Kıbrıs TMT Mücahitler Derneği’nden ABD Başkan Yardımcısı Joe Biden’in Kıbrıs ziyaretiyle ilgili sert bir açıklama yapılarak “Bu ziyaretiniz, Kıbrıs’ta BM’nin yapamadığını yapan ve Kıbrıs’a barış, huzur ve güveni getirip kalıcı ve yaşayabilir çözüm için de koşulları yaratan Türkiye’ye teşekkür borçlu olduğunuzu görmeniz için son bir fırsattır” denildi.

HANGİ HUKUKA UYUYOR?

Kıbrıs TMT Mücahitler Derneği’nden yapılan açıklamaya göre, ABD Başkan Yardımcısı Biden’e hitaben yayımlanan açık mektupta, “50 yıldır Kıbrıs Cumhuriyeti’ni silah zoru ve terörle gasp eden ve Cumhuriyet’in eşit ortağı Kıbrıs Türk halkını ayni yöntemlerle dışlayan Rumları hala daha Kıbrıs Cumhuriyeti’nin meşru yönetimi olarak saymanız hangi hukuka uyuyor?” ifadesini kullanıldı.

AÇIKLAMA ŞÖYLE

“Kıbrıs Cumhuriyeti Kıbrıs için çok önemli bir fırsatı ENOSİS yüzünden yıkarak Kıbrıs Türk halkının yaşama hakkını elinden almak için her türlü insanlık dışı uygulamaları reva görenleri hala muhatap kabul edip bu niyetlerini sürdürmelerine neden dur demiyorsunuz?” denilen mektup şöyle devam etti: “Bu yüzden insanlarımızı diri diri mezarlara gömen, kurşuna dizen, banyo küvetine sığınan bir anne ile üç yavrusunu hunharca katleden, üzerlerine gazyağı dökülerek öldürülen, hastanede yatan hastalarımızın kanlarını alarak ölüme mahkum eden, yatalak insanları bile acımadan öldüren yollarda seyahat eden insanlarımızı alıp meçhule götürenleri, sonuçta Kıbrıs’ı baştan başa kana boyayan, Kıbrıs’a gönderdiğiniz BM Barış Gücü bu saldırılara engel olamaz iken Garantör Türkiye’nin 1964’deki müdahalesini tehditkar bir mektupla (Jhonson’un Mektubu) önleyen ABD değil miydi?
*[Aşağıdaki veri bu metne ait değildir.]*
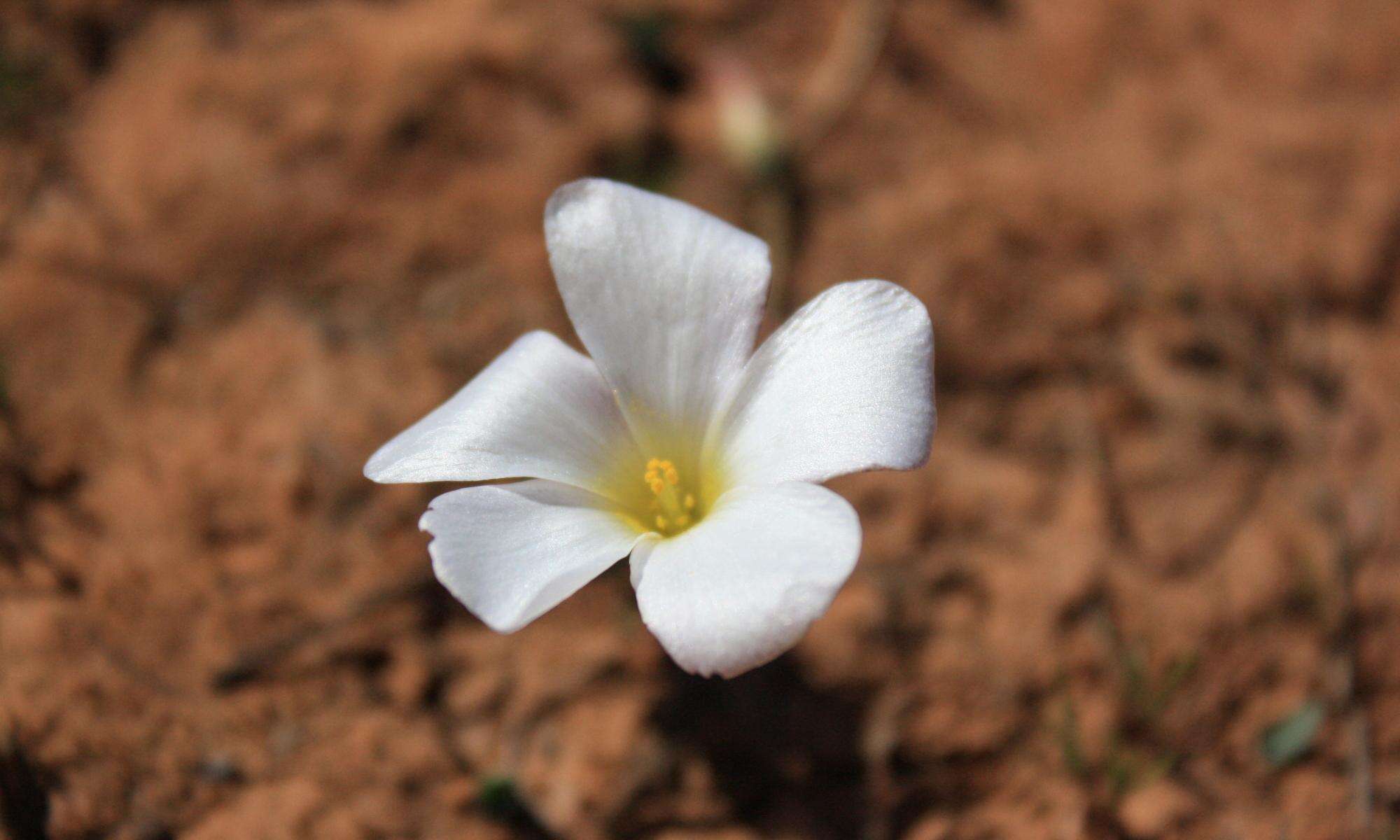 Sivun Oxalis furcillata var. furcillata kuva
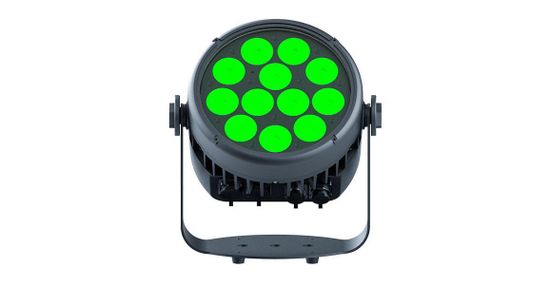 STAGE4 REPAR 12X10FAU IP прожектор LED PAR, 120Вт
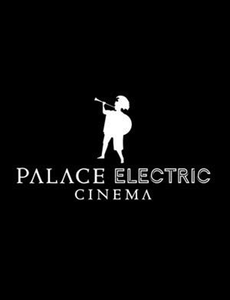 Palace Electric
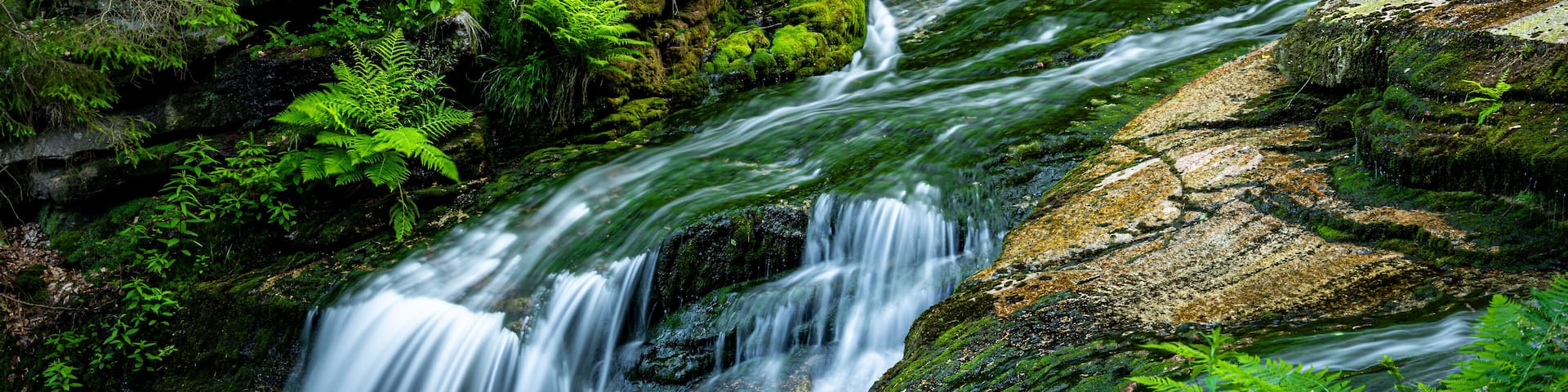 Wodospad Szklarki usytuowany jest na wysokości 520 m n.p.m. i ma 13,3 m wysokości.Widok na górną część wodospadu.Zlewnia Szklarki porośnięta jest górnoreglowymi lasami świerkowymi.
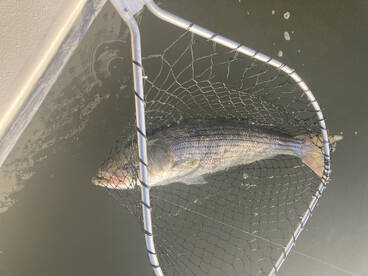 Barnegat Light Report Photo 2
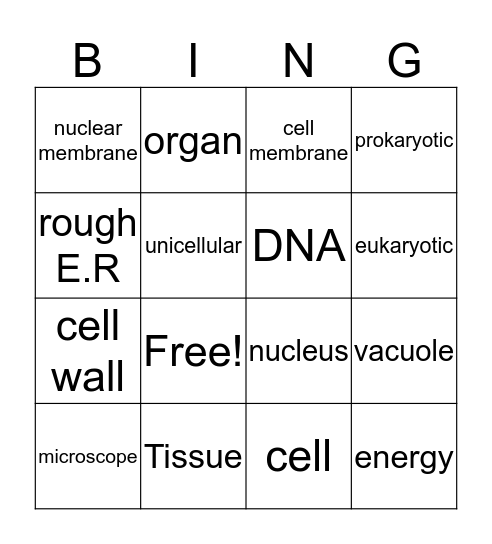 Review Chapter 3 Bingo Card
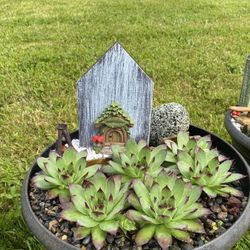Succulents fairy garden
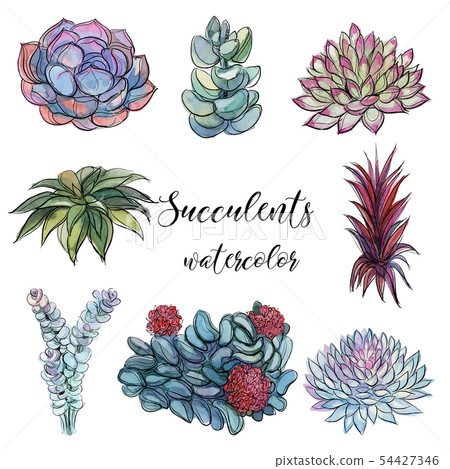 Set of succulents. Watercolor. Graphics.Isolated 54427346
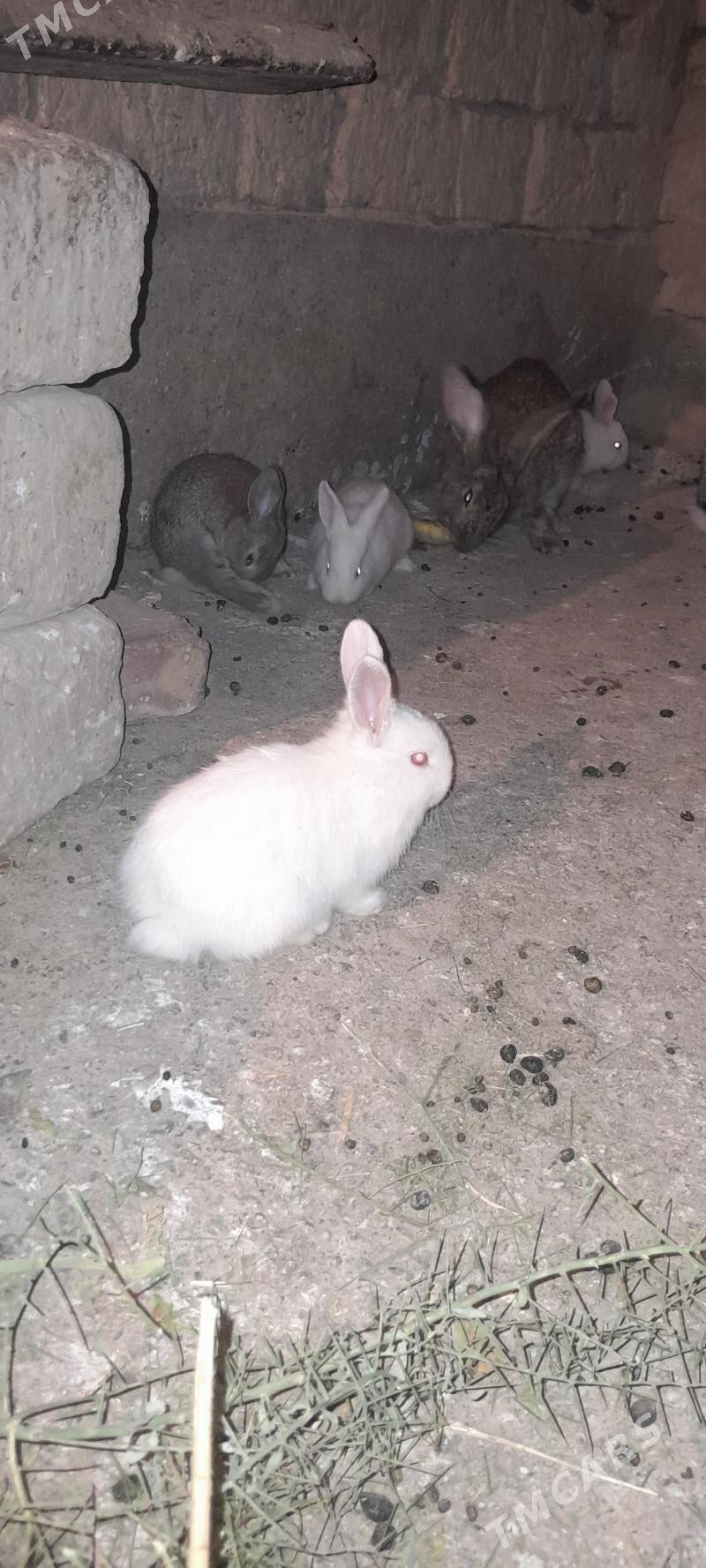 towşan - Кака - img 4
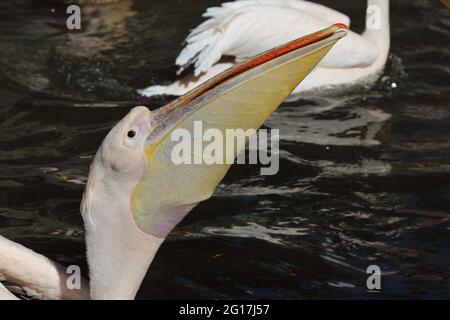 Rosapelikan / White pelican / Pelecanus onocrotalus Stock Photo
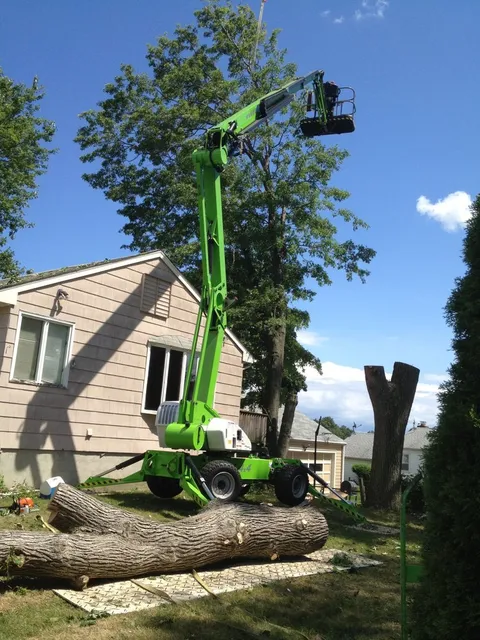 Clear Cut Tree and Lawn Care LLC work photo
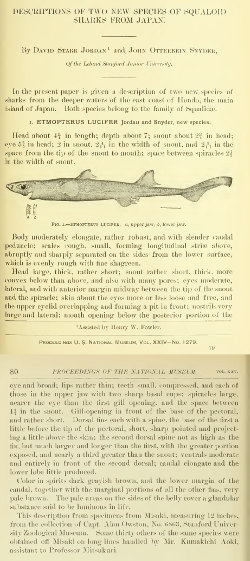 Etmopterus lucifer text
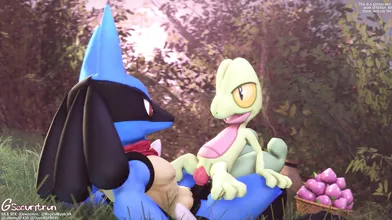 "Exploring with a cute girl like Treecko is half the fun! [Gsec]"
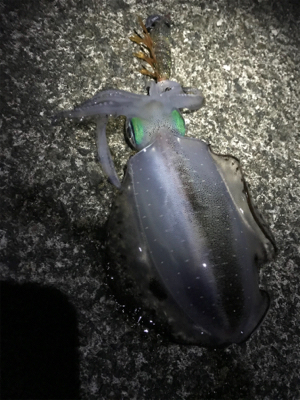 アジング　エギング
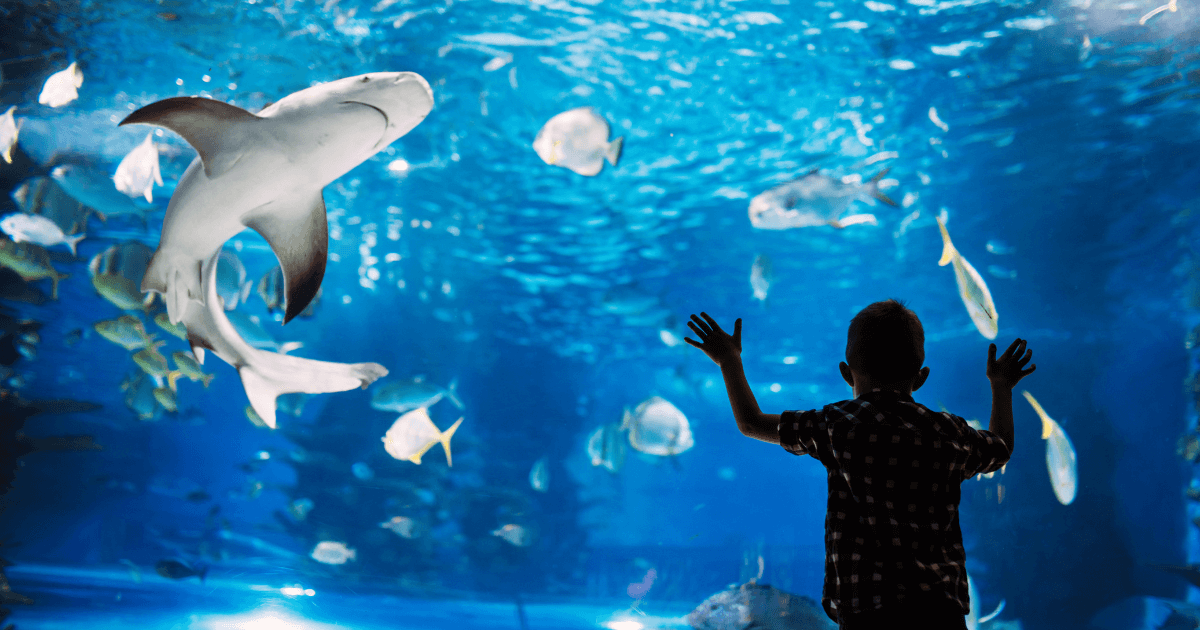 aquarium in lanzarote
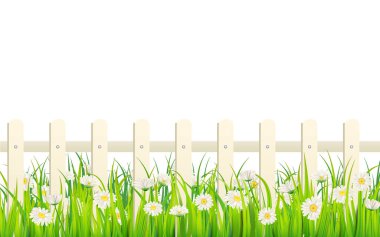 Bahar yeşili çimenler, papatya çiçekleri, beyaz çitler. Arkaplan pankartı vektör illüstrasyonu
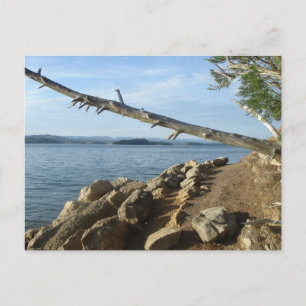 Kentucky Lake Shoreline Post Card Postkarte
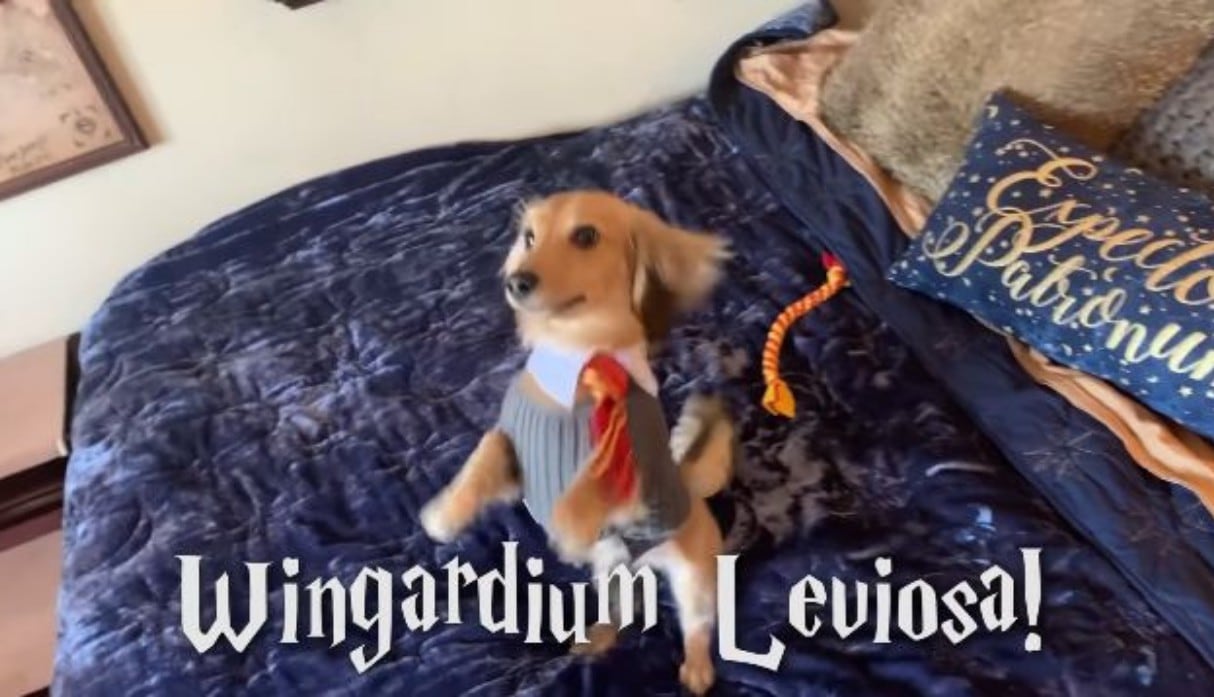 Una youtuber entrenó a su perro para que siga órdenes como hechizos de Harry Potter. (Fotos: Brizzy Voices en YouTube)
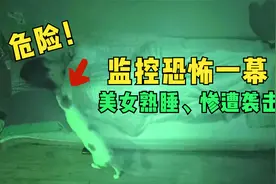 猫的记仇心有多强，被绝育后，疯狂撕咬主人，展开变态般的复仇！视频封面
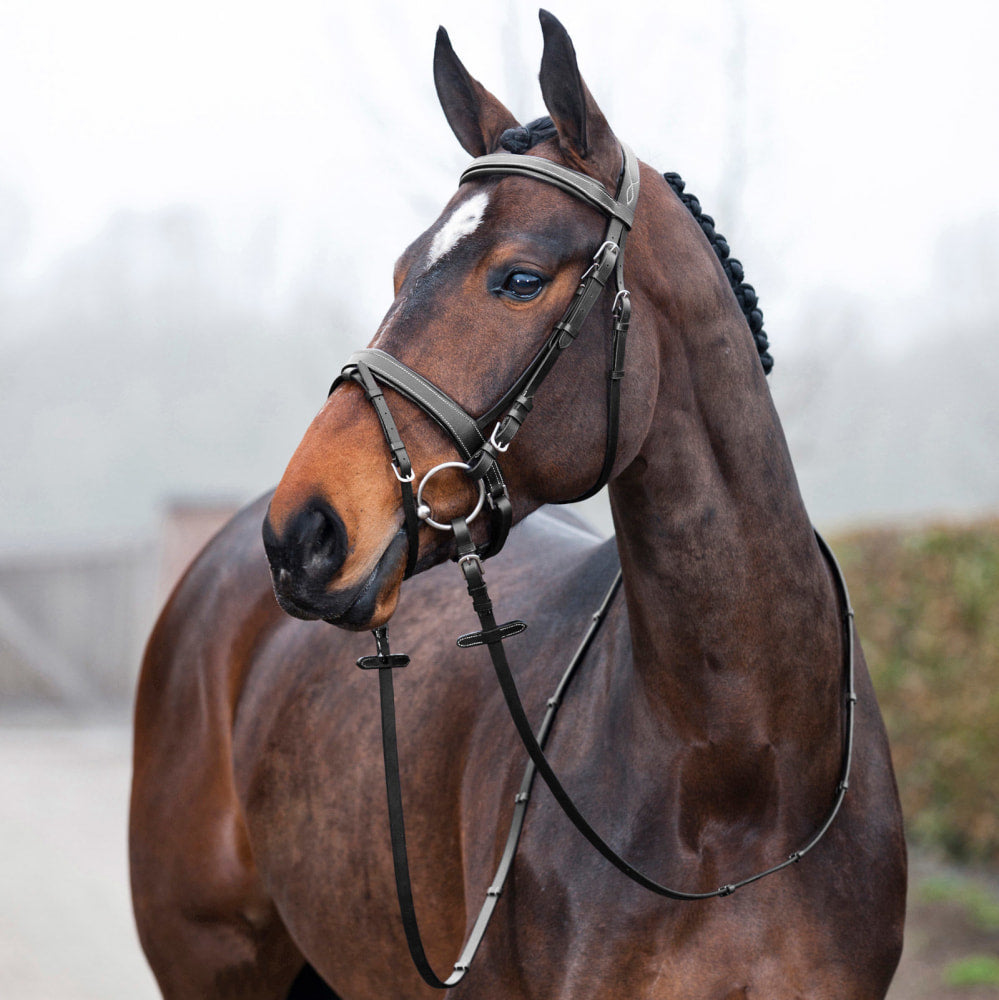Horze Venice Soft Padded Bridle w/ Reins image #3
ENOSİS’i öngören ACHESON Planı’nı ABD ortaya koymadı mı? 1967 Boğaziçi, Geçitkale Rum saldırıları karşısında Türkiye’nin müdahalesini önleyen ABD değil midir?

TÜRKİYE OLMASAYDI KIBRIS’TA TEK BİR TÜRK KALACAK MIYDI?

15 Temmuz 1974 Rum ve Yunan Cunta’sının Kıbrıs darbesiyle “Kıbrıs Helen Cumhuriyeti” ilanı üzerine Türkiye 20 Temmuz 1974’de müdahale etmeseydi, Atlılar, Muratağa, Sandallar ve Taşkent katliamları ile Kıbrıs’ta tek bir Türk kalacak mıydı?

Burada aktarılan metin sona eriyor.